Ну, не так редко, скажем, читается. Поэтому все вспоминают, о чём речь. То есть опять на другой лад, но тоже на основе видения Моисея в книге «Исход». Я думаю, что здесь имелось в виду ещё не в последнюю очередь, не только кроме Дионисия Реопагита, книга Григория Низкого «О жизни Моисея». Это написано в кругу Григория Богослова и, надо сказать, младшим братом его ближайшего друга Василия Великого. И вот поэтому для них, конечно, жизнь Моисея была очень важным образцом. И вот как Моисей получил откровение, так же получил откровение Григорий Богослов, который, ну и другие святые отцы, конечно, добавим, которые дальше нам об этом рассказывают. А вот дальше этот текст говорит о теме, на которую было это откровение, о Христе.
«Срастворенное вещественное невещественному естеству». Это был естисказатель чего? «Срастворенное вещественное невещественному естеству и неслитного смешения». Был естисказатель. «Вещественное естество», то есть человеческое, «Срастворенное невещественному естеству». «Срастворение» это, по-нашему можно перевести на русский язык «растворение», как вот вино с водой. И этот образ в IV веке был совершенно нормальным. Григорий Богослов его употреблял в своих сочинениях, поэтому он возник и в этом более позднем каноне, который, наверное, IX века.
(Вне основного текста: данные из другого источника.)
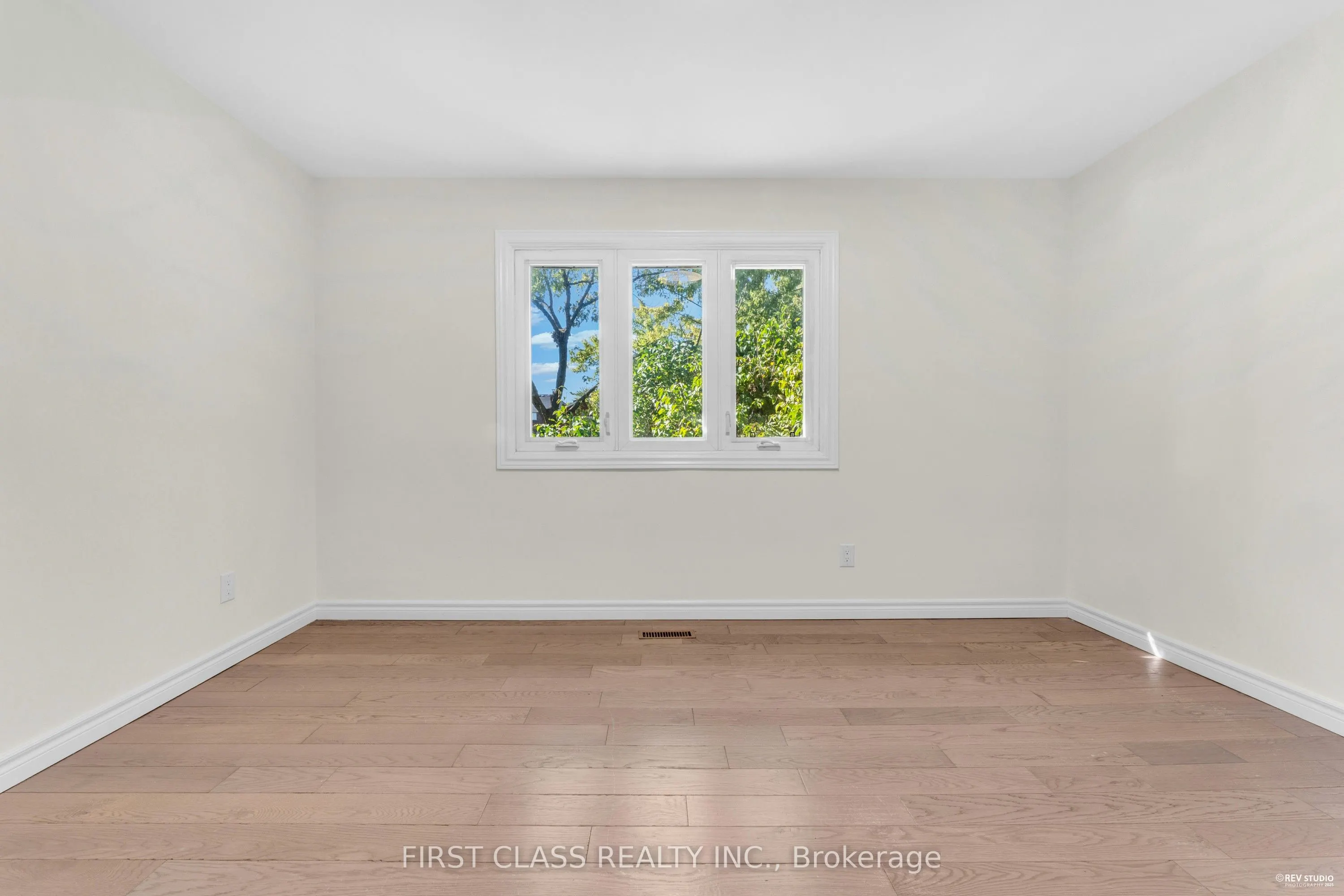 4290 Radisson Crescent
И он означает, что божество с человечеством соединилось так, как вино с водой. Но поскольку позднее этот образ стал предметом для некоторых злоупотреблений монофизических, то нужны какие-то еще оговорки. Вот здесь они как раз и сделаны. И не слитного смешения было естисказатель. Что такое не слитное смешение? Смешение – это как вино с водой смешалось, оно всегда слитное. А если не слитное, то значит и нет смешения. Как, например, масло с водой.
Их соединить, они не смешаются. А здесь смешение, но не слитное. То есть это вот такое противоречие прямо в самом объекте. И это и есть образ сочетания божества и человечества. Да, оно по степени взаимопроникновения сопоставимо с тем, как вино с водой соединяется. Поэтому мы говорим смешение. Но в то же время, в отличие от настоящих вина и воды, не происходит образования какого-то нового раствора единого. Единая природа Бога слова воплощенная, как говорят монофизиты.
А две природы остаются, каждая сама по себе. Божественная остаётся божественной, человеческая – человеческой, и не появляется какой-то новой богочеловеческой природы. И вот поэтому смешение называется не слитным. Неслитными смешения, естественно, не бывают. Все смешения бывают слитными в обычном мире. Но вот здесь как раз это необычное, потому что в воплощении Божия, в воплощении Христова, оно и не может быть обычным. Так что всё правильно. И вот эта необычная и непонятная для человеческого ума мысль, то есть человеческий ум просто может правильно себе объяснить, как именно она ему непонятна.
Это и было главным в учении Григория Богослова, которое он почерпнул вот таким образом. Итак, для того, чтобы понимать церковное богослужение, нужно, конечно, читать церковные книги. Это особенно относится к монахам. Нужно, конечно же, читать близко и по возможности понимать Дионисию Ареопагиту. И более-менее помнить ближе к тексту его слова. А с другой стороны, надо, конечно, и «Жизнь Моисея» Григория Низкого нехода почитать. Но кто не может почитать эти книги, вот по таким вот текстам он как бы самое главное из них всё-таки ухватывает и узнаёт.